Usage

To use MemCNN in a project:

import memcnn

Examples

Creating an AdditiveCoupling with memory savings

import torch
import torch.nn as nn
import memcnn


# define a new torch Module with a sequence of operations: Relu o BatchNorm2d o Conv2d
class ExampleOperation(nn.Module):
    def __init__(self, channels):
        super(ExampleOperation, self).__init__()
        self.seq = nn.Sequential(
                                    nn.Conv2d(in_channels=channels, out_channels=channels,
                                              kernel_size=(3, 3), padding=1),
                                    nn.BatchNorm2d(num_features=channels),
                                    nn.ReLU(inplace=True)
                                )

    def forward(self, x):
        return self.seq(x)


# generate some random input data (batch_size, num_channels, y_elements, x_elements)
X = torch.rand(2, 10, 8, 8)

# application of the operation(s) the normal way
model_normal = ExampleOperation(channels=10)
model_normal.eval()

Y = model_normal(X)

# turn the ExampleOperation invertible using an additive coupling
invertible_module = memcnn.AdditiveCoupling(
    Fm=ExampleOperation(channels=10 // 2),
    Gm=ExampleOperation(channels=10 // 2)
)

# test that it is actually a valid invertible module (has a valid inverse method)
assert memcnn.is_invertible_module(invertible_module, test_input_shape=X.shape)

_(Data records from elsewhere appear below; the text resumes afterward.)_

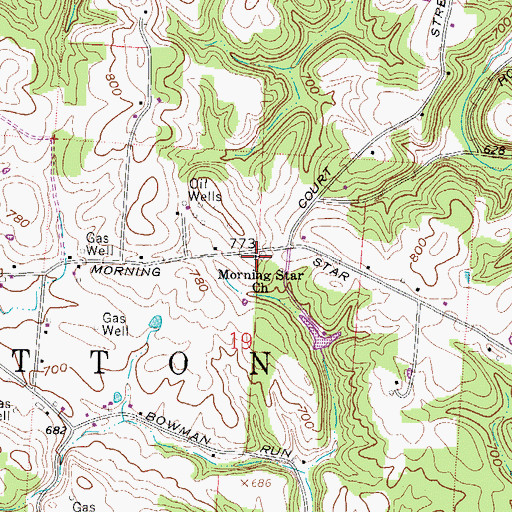 Topographic Map of Morning Star United Methodist Church, OH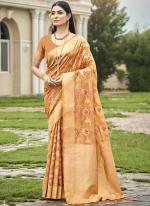 Organza Peach Traditional Wear Weaving Saree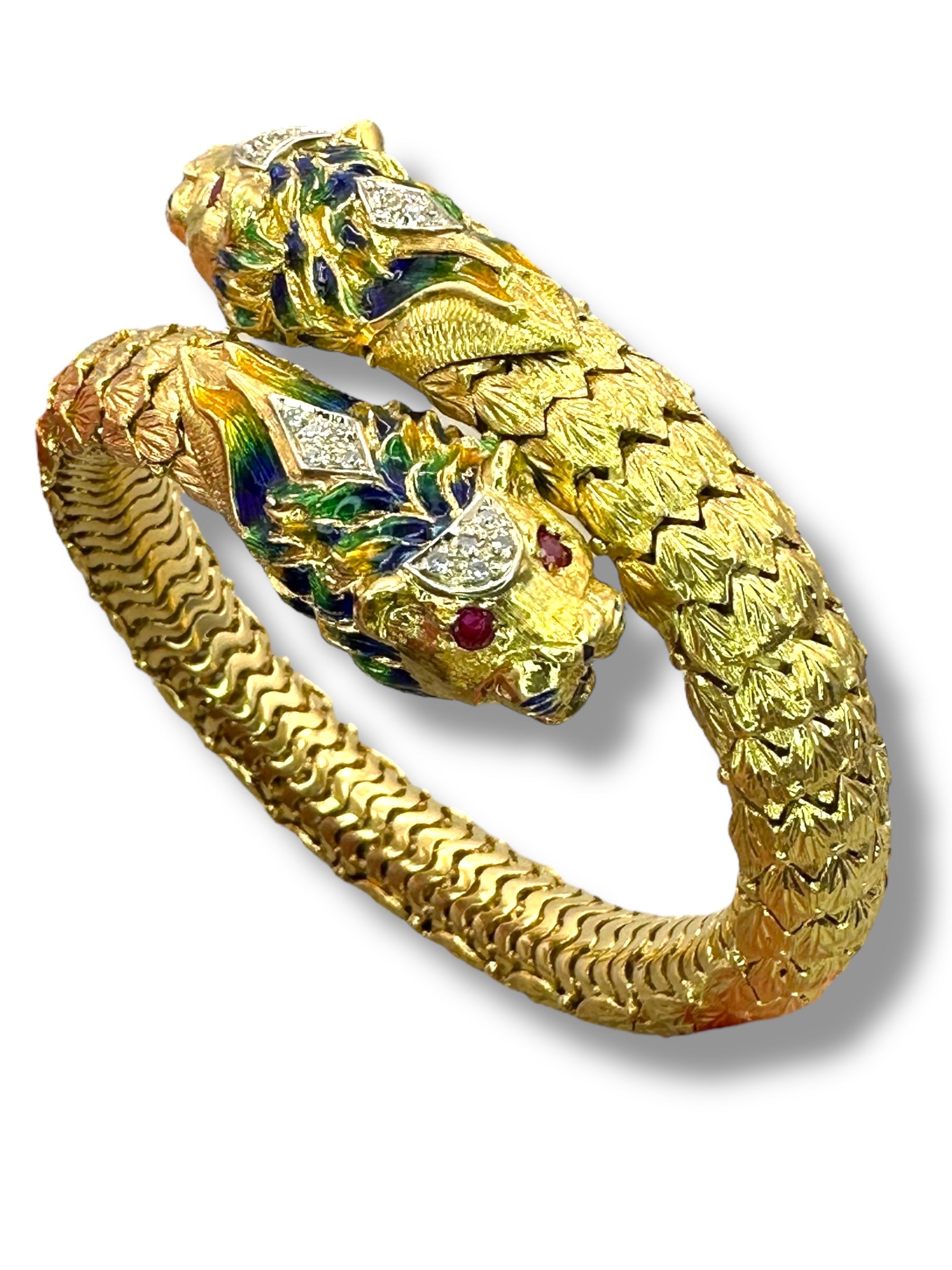 18k Lion Head Enamel Diamond Flex Bracelet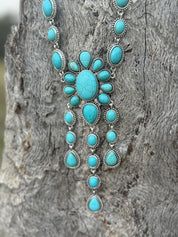 Arizona Sky Cluster Turquoise Lariat Necklace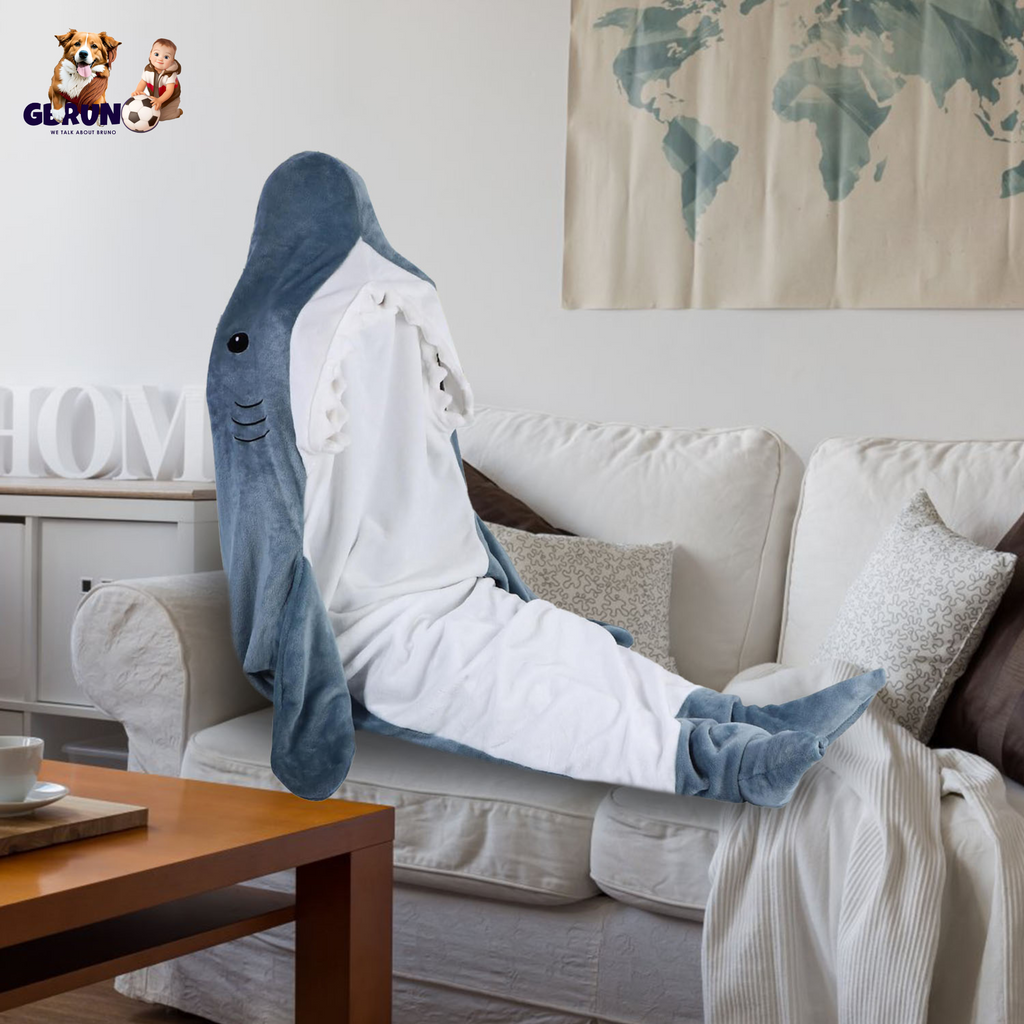 Wearable Shark Sleeping Bag Shark Onesie X-XXL Size Soft Comfortable Flannel Blanket With Zipper Suitable For Adult Children Height 4.2FT to 5.5FT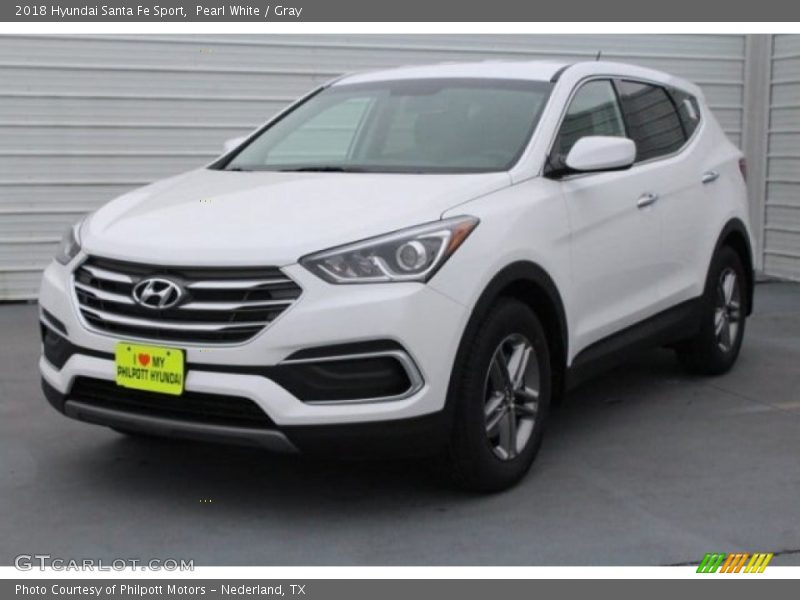 Pearl White / Gray 2018 Hyundai Santa Fe Sport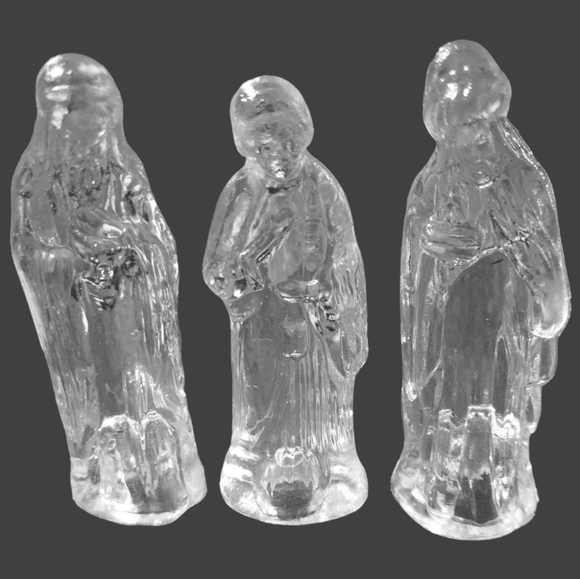 HP 😀 Vtg Silent Night Collection Crystaline Glass Nativity Scene Set-6 Pcs - Picture 7 of 8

# wrap our invertible_module using the InvertibleModuleWrapper and benefit from memory savings during training
invertible_module_wrapper = memcnn.InvertibleModuleWrapper(fn=invertible_module, keep_input=True, keep_input_inverse=True)

# by default the module is set to training, the following sets this to evaluation
# note that this is required to pass input tensors to the model with requires_grad=False (inference only)
invertible_module_wrapper.eval()

# test that the wrapped module is also a valid invertible module
assert memcnn.is_invertible_module(invertible_module_wrapper, test_input_shape=X.shape)

# compute the forward pass using the wrapper
Y2 = invertible_module_wrapper.forward(X)

# the input (X) can be approximated (X2) by applying the inverse method of the wrapper on Y2
X2 = invertible_module_wrapper.inverse(Y2)

# test that the input and approximation are similar
assert torch.allclose(X, X2, atol=1e-06)

Run PyTorch Experiments

After installing MemCNN run:

python -m memcnn.train [MODEL] [DATASET] [--fresh] [--no-cuda]
  • Available values for DATASET are cifar10 and cifar100.
  • Available values for MODEL are resnet32, resnet110, resnet164, revnet38, revnet110, revnet164
  • Use the --fresh flag to remove earlier experiment results.
  • Use the --no-cuda flag to train on the CPU rather than the GPU through CUDA.

Datasets are automatically downloaded if they are not available.

When using Python 3.* replace the python directive with the appropriate Python 3 directive. For example when using the MemCNN docker image use python3.7.